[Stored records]
>>>>

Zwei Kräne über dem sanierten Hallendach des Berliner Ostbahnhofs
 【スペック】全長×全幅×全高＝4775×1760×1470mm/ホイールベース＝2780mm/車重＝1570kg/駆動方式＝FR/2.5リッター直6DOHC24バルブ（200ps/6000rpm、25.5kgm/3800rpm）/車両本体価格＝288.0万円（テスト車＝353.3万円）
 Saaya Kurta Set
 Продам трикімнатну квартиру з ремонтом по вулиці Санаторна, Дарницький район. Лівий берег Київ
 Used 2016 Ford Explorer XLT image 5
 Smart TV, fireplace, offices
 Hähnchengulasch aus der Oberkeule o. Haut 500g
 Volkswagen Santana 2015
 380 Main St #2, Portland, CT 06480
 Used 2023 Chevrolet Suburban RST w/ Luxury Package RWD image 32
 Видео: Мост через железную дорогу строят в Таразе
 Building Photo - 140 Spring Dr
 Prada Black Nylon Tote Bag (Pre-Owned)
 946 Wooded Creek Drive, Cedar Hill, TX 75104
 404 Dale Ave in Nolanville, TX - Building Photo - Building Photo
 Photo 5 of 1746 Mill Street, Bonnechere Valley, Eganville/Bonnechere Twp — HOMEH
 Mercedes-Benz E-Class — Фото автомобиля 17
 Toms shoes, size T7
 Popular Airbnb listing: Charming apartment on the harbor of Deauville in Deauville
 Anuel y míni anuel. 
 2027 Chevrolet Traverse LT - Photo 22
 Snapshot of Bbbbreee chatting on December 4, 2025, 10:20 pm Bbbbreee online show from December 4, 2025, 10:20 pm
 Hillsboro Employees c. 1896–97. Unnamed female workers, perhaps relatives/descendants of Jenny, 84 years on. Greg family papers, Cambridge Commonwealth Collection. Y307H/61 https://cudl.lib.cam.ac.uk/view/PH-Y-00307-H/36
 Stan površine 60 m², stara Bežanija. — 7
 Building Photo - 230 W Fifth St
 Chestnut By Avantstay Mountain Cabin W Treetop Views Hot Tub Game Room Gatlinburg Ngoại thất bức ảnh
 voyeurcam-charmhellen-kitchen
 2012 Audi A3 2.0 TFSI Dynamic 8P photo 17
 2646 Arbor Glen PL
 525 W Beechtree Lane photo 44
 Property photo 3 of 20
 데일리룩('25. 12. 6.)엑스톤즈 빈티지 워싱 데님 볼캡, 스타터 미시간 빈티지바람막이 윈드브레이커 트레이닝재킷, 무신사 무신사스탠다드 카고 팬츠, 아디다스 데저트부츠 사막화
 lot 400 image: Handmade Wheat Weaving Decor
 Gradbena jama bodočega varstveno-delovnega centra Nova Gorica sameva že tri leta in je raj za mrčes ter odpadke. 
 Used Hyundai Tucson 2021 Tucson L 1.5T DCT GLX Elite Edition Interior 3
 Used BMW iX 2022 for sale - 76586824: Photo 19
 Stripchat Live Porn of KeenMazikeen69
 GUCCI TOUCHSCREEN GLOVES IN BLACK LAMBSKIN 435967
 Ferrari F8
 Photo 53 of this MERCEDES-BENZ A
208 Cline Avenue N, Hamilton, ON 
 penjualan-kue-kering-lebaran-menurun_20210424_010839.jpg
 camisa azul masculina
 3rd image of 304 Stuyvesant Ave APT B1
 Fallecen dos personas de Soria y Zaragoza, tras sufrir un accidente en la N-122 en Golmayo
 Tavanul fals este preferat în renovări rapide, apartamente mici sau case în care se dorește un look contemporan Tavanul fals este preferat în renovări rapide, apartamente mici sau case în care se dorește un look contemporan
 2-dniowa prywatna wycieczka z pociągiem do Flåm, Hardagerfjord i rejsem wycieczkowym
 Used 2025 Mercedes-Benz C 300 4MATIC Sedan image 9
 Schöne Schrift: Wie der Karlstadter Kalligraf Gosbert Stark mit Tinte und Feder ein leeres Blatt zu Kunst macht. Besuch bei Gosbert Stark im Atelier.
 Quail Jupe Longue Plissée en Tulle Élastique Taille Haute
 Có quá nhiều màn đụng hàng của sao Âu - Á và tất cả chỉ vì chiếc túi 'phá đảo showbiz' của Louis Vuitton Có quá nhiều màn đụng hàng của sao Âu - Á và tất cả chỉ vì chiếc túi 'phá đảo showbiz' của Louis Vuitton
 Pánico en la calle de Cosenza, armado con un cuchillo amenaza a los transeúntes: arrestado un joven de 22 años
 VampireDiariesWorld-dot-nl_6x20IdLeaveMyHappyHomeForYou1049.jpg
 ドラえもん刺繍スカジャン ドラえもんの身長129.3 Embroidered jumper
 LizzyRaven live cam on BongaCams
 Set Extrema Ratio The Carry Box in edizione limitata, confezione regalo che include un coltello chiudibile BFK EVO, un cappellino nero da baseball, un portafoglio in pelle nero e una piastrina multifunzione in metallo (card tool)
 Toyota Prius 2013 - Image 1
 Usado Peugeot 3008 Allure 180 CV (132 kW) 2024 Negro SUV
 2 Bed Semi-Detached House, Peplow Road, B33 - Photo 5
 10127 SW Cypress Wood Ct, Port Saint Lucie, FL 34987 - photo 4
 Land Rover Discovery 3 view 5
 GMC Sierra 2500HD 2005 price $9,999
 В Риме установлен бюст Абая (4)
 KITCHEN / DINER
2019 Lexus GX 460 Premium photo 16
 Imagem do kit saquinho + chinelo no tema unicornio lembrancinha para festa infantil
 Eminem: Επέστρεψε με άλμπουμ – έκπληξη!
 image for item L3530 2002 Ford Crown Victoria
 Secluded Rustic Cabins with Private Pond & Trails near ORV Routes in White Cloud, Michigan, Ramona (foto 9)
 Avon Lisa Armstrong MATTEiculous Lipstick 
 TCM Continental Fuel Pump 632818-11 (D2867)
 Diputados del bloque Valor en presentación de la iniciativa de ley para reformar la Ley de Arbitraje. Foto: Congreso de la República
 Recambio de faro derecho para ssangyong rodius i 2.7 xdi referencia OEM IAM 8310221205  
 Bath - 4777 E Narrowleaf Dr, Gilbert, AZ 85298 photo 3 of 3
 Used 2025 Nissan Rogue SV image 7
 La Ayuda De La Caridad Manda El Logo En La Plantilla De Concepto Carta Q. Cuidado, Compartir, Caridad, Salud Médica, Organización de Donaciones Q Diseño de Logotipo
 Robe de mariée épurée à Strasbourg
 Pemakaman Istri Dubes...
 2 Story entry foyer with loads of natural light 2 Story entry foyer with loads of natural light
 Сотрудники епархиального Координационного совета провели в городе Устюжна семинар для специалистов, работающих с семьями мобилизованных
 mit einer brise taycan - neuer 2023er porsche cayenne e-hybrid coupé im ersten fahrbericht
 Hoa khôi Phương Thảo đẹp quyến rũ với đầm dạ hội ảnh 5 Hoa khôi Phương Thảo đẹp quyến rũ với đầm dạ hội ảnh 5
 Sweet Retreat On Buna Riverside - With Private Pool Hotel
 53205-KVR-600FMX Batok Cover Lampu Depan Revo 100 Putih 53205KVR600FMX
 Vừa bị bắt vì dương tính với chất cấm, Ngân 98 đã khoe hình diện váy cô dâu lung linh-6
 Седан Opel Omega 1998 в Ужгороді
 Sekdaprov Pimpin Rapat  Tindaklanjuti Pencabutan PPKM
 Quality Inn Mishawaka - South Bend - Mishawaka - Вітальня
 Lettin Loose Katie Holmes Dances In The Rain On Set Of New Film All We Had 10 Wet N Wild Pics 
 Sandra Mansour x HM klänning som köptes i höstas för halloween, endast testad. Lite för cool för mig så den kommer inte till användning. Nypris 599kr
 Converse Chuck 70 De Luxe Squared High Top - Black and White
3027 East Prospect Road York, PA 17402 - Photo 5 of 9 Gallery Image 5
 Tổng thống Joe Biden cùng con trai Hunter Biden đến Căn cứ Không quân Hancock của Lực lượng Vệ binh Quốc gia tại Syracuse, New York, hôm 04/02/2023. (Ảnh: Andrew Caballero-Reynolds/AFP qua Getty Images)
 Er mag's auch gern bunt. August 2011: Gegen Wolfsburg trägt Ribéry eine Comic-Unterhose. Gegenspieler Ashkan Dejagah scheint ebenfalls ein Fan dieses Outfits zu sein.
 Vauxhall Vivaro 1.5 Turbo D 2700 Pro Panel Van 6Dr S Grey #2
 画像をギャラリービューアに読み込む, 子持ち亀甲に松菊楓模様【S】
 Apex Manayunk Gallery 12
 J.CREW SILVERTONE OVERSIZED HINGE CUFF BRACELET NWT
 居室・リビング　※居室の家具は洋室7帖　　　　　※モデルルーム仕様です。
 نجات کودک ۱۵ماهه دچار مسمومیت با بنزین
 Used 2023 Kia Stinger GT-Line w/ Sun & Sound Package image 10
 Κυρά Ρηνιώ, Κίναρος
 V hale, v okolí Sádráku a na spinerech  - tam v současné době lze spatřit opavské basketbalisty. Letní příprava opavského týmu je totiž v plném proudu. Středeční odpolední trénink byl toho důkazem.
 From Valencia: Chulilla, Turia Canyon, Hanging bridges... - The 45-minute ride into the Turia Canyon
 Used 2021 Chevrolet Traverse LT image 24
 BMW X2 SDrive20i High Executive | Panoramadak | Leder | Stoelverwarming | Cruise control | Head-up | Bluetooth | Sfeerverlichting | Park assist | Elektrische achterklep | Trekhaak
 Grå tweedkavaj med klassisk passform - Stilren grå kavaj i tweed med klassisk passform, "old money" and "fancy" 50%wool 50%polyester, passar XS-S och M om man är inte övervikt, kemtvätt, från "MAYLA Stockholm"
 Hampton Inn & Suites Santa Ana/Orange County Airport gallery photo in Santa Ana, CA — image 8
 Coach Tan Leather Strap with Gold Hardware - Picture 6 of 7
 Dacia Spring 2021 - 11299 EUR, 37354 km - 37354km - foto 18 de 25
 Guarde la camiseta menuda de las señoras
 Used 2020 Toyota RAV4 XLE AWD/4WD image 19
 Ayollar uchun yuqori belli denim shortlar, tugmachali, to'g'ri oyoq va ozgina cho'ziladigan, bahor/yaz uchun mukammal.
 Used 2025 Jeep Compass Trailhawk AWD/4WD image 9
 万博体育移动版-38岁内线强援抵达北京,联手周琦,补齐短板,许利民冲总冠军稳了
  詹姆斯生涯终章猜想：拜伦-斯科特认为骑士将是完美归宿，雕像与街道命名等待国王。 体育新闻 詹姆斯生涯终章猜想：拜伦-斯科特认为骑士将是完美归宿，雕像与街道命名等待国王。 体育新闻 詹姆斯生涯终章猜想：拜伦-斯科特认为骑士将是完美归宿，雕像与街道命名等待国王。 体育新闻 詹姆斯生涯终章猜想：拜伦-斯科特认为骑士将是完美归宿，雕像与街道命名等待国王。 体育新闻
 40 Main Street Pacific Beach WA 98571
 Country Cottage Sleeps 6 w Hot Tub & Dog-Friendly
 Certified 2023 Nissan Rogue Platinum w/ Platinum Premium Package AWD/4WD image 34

<<<<

*Your objective*
Given the records above, return exactly the lines starting at the line containing "Used 2016 Ford Explorer XLT image 5" and ending at the line containing "2646 Arbor Glen PL", including both.

*Completed task*
 Used 2016 Ford Explorer XLT image 5
 Smart TV, fireplace, offices
 Hähnchengulasch aus der Oberkeule o. Haut 500g
 Volkswagen Santana 2015
 380 Main St #2, Portland, CT 06480
 Used 2023 Chevrolet Suburban RST w/ Luxury Package RWD image 32
 Видео: Мост через железную дорогу строят в Таразе
 Building Photo - 140 Spring Dr
 Prada Black Nylon Tote Bag (Pre-Owned)
 946 Wooded Creek Drive, Cedar Hill, TX 75104
 404 Dale Ave in Nolanville, TX - Building Photo - Building Photo
 Photo 5 of 1746 Mill Street, Bonnechere Valley, Eganville/Bonnechere Twp — HOMEH
 Mercedes-Benz E-Class — Фото автомобиля 17
 Toms shoes, size T7
 Popular Airbnb listing: Charming apartment on the harbor of Deauville in Deauville
 Anuel y míni anuel. 
 2027 Chevrolet Traverse LT - Photo 22
 Snapshot of Bbbbreee chatting on December 4, 2025, 10:20 pm Bbbbreee online show from December 4, 2025, 10:20 pm
 Hillsboro Employees c. 1896–97. Unnamed female workers, perhaps relatives/descendants of Jenny, 84 years on. Greg family papers, Cambridge Commonwealth Collection. Y307H/61 https://cudl.lib.cam.ac.uk/view/PH-Y-00307-H/36
 Stan površine 60 m², stara Bežanija. — 7
 Building Photo - 230 W Fifth St
 Chestnut By Avantstay Mountain Cabin W Treetop Views Hot Tub Game Room Gatlinburg Ngoại thất bức ảnh
 voyeurcam-charmhellen-kitchen
 2012 Audi A3 2.0 TFSI Dynamic 8P photo 17
 2646 Arbor Glen PL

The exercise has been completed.